---------- EXTRACTED DATA
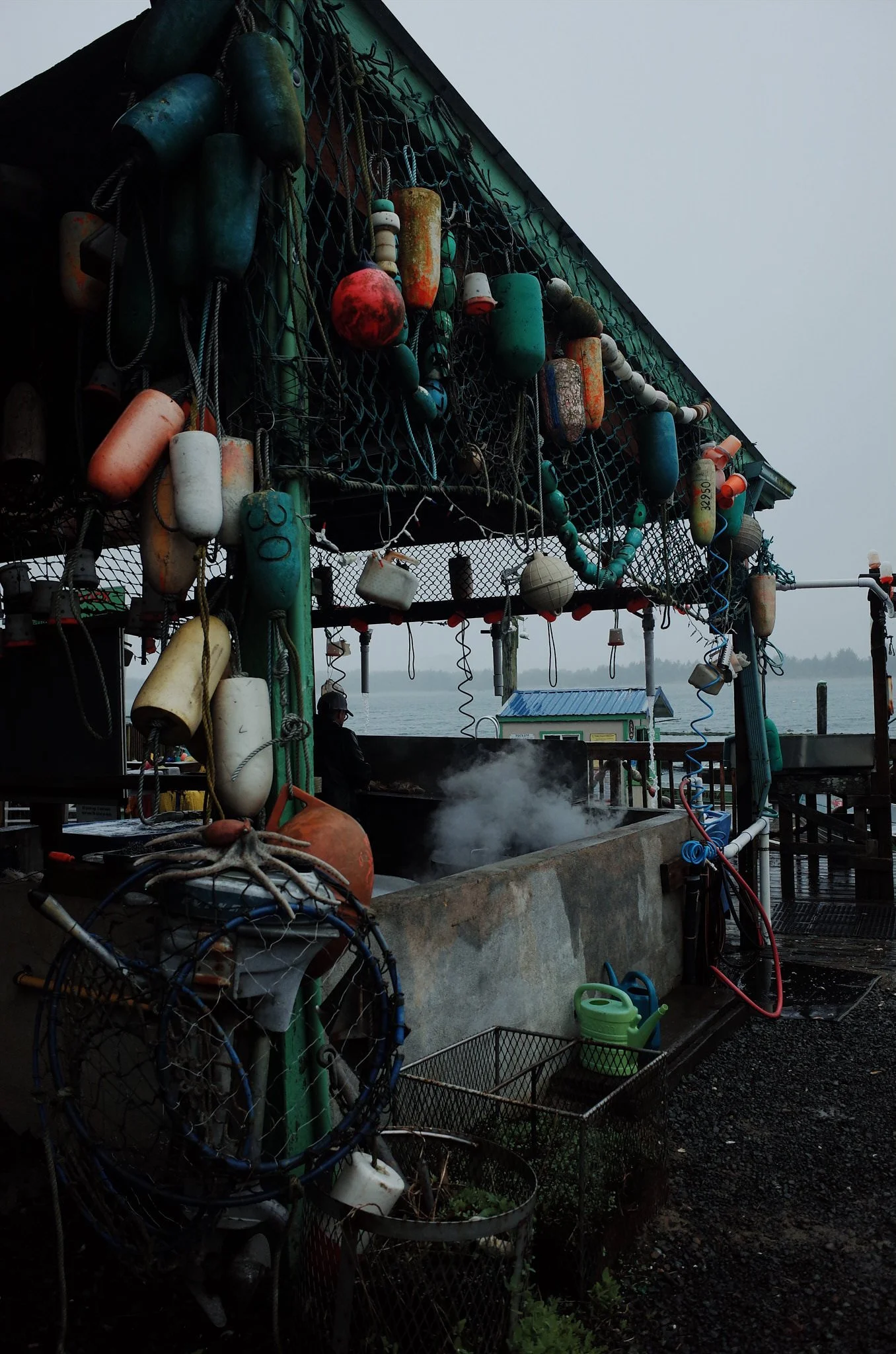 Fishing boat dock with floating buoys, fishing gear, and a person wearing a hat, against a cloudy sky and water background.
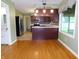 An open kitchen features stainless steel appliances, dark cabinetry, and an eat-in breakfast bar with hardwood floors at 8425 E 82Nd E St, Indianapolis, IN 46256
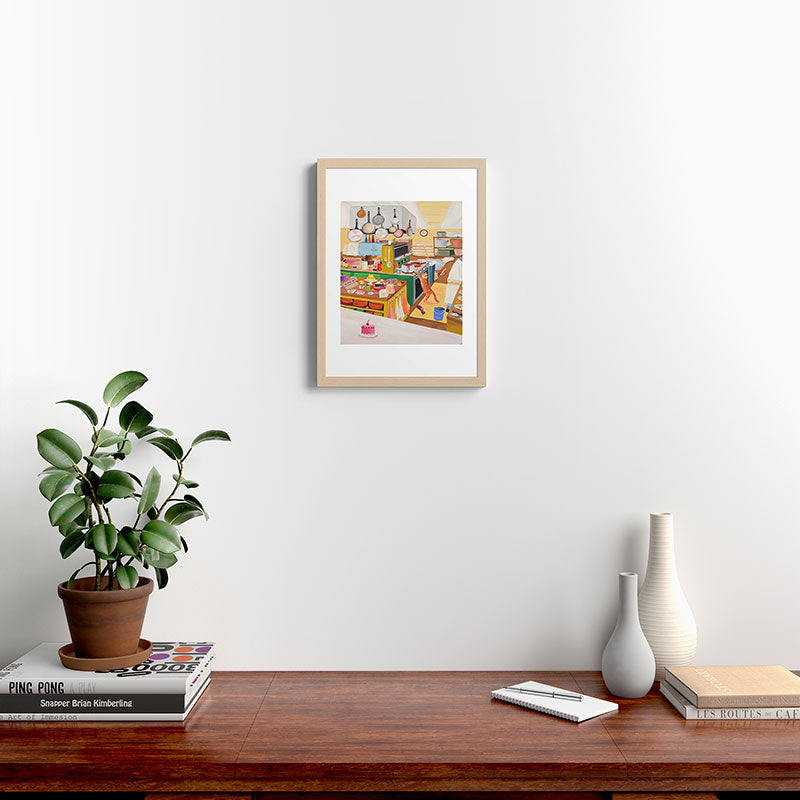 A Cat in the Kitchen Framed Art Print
--------------------
---------- EXTRACTED DATA
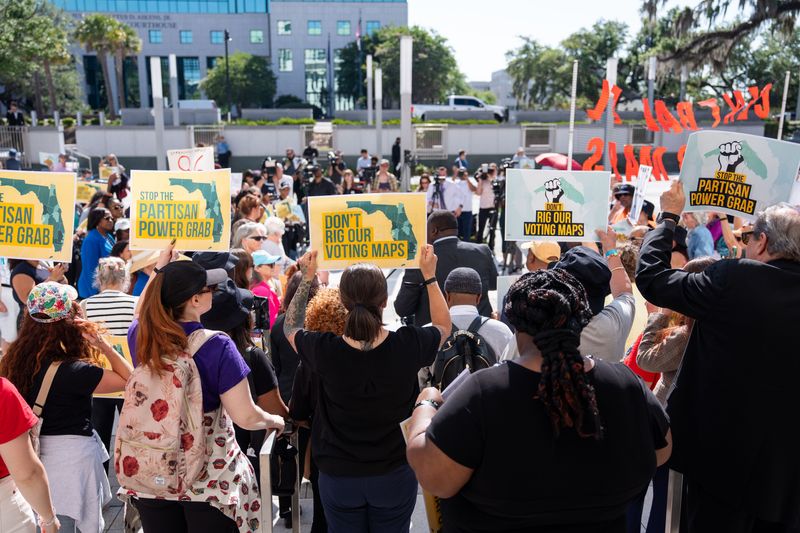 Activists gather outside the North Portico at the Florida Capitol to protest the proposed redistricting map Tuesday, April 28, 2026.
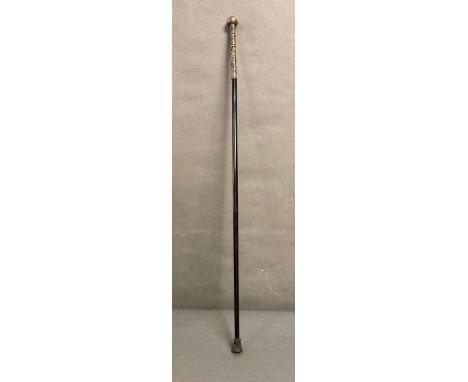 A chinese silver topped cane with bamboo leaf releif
--------------------
---------- EXTRACTED DATA
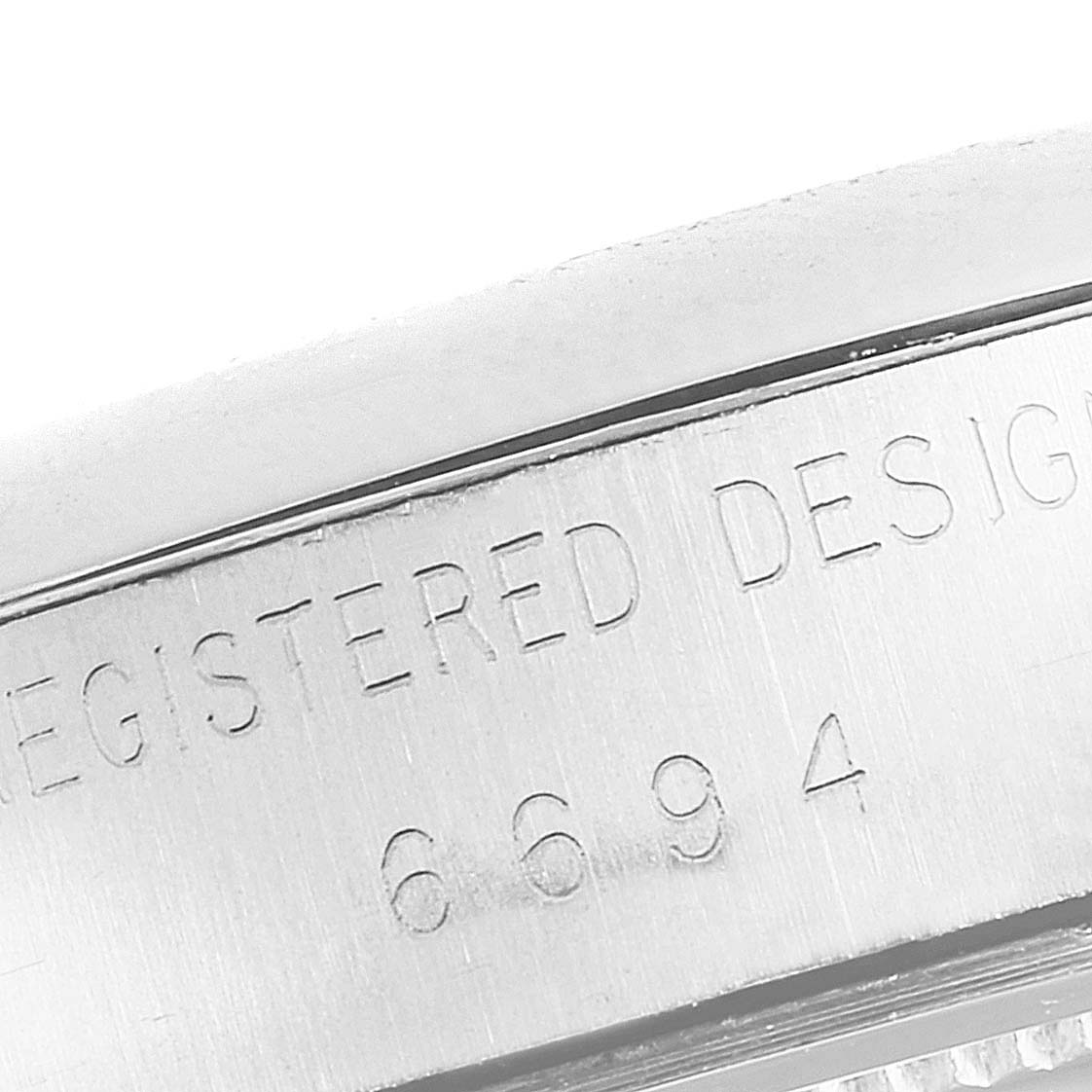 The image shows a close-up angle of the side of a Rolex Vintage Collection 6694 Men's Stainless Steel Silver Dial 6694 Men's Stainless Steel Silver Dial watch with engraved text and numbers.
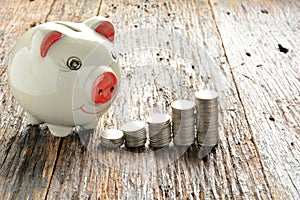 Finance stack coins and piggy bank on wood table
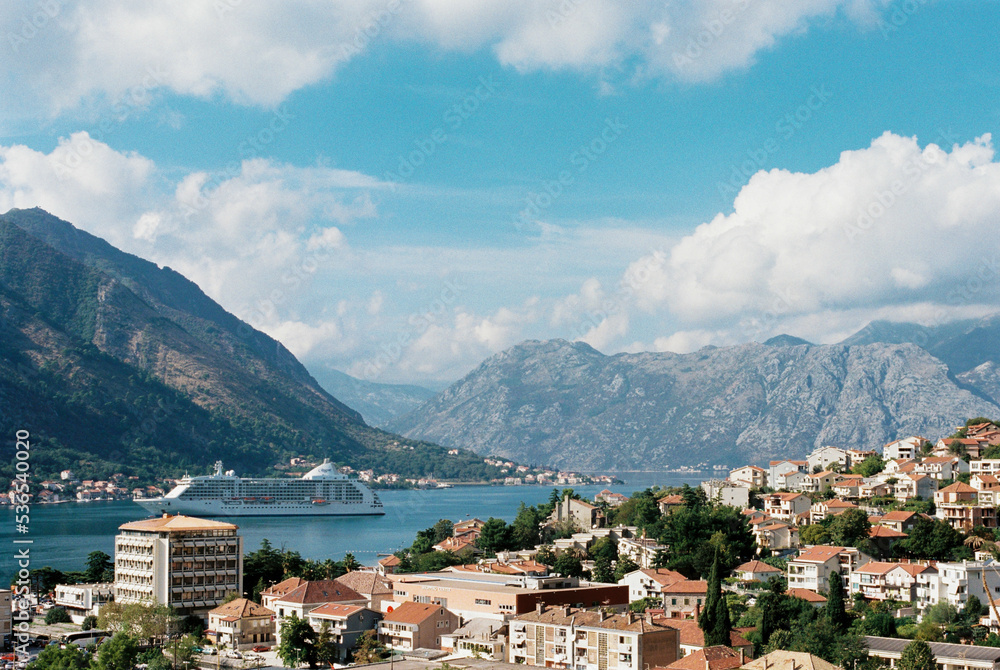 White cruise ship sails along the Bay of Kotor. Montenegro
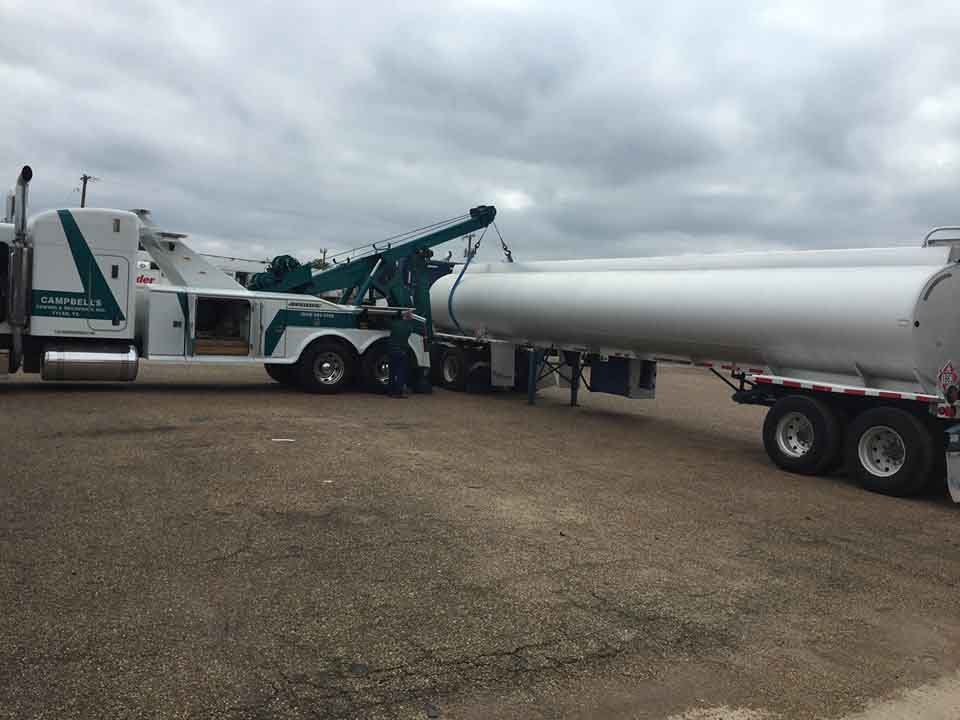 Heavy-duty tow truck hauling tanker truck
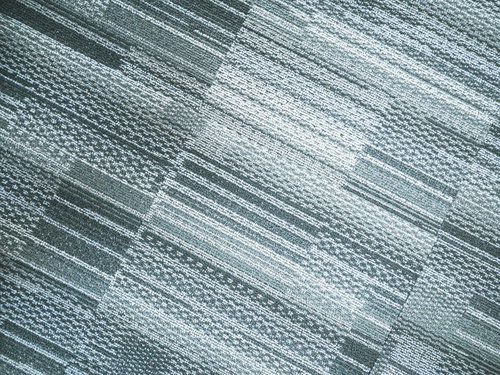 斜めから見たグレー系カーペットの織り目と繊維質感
--------------------
_WHAT YOU NEED TO DO_
Quote the data above exactly from the line with "Heavy-duty tow truck hauling tanker truck" to the line with "斜めから見たグレー系カーペットの織り目と繊維質感", both ends counted, and nothing else. Pictures don't go in.

_THE COMPLETED TASK_
 Heavy-duty tow truck hauling tanker truck
 斜めから見たグレー系カーペットの織り目と繊維質感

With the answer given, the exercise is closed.